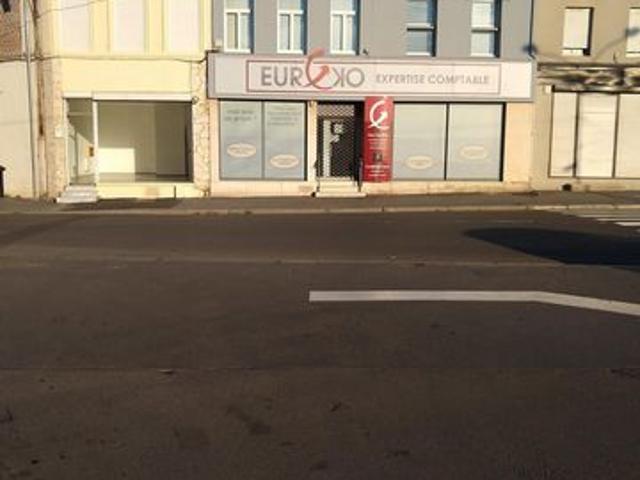 Local Commercial location à Valenciennes, Denain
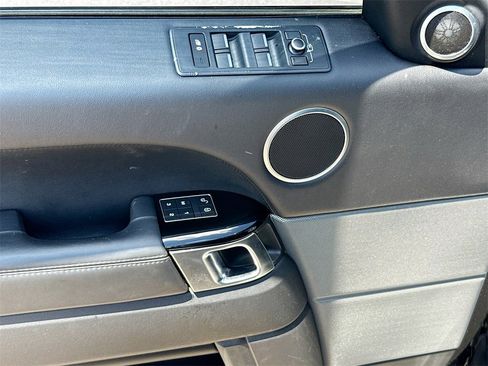 Used 2017 Land Rover Range Rover Sport HSE image 19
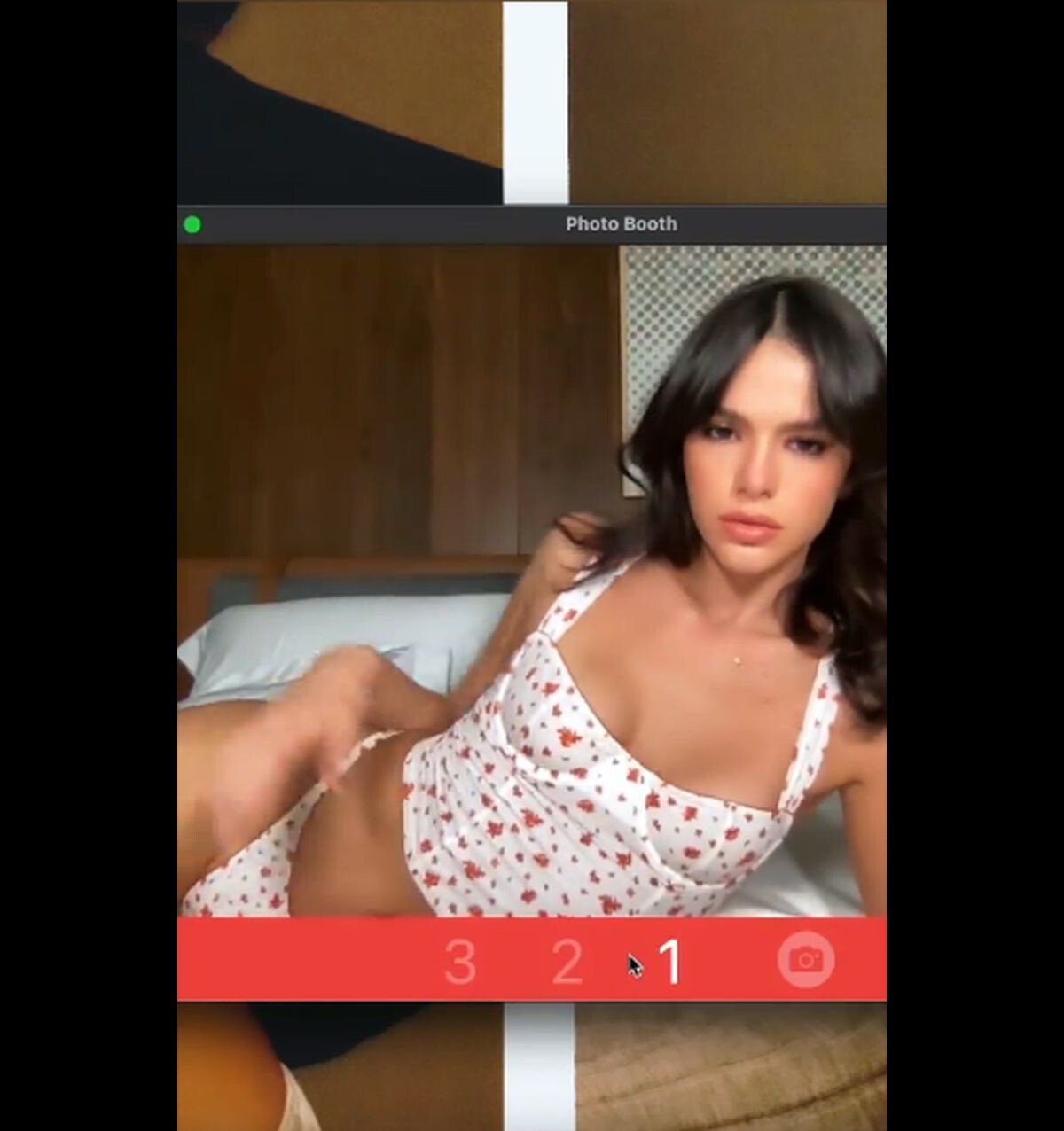 Foto: Um amigo de Bruna Marquezine brincou sobre uma possível entrada da  atriz no OnlyFans - Purepeople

+===+

Work required: Transcribe the listing above verbatim. No picture belongs in the result.

Written response:
 Local Commercial location à Valenciennes, Denain
 Used 2017 Land Rover Range Rover Sport HSE image 19
 Foto: Um amigo de Bruna Marquezine brincou sobre uma possível entrada da  atriz no OnlyFans - Purepeople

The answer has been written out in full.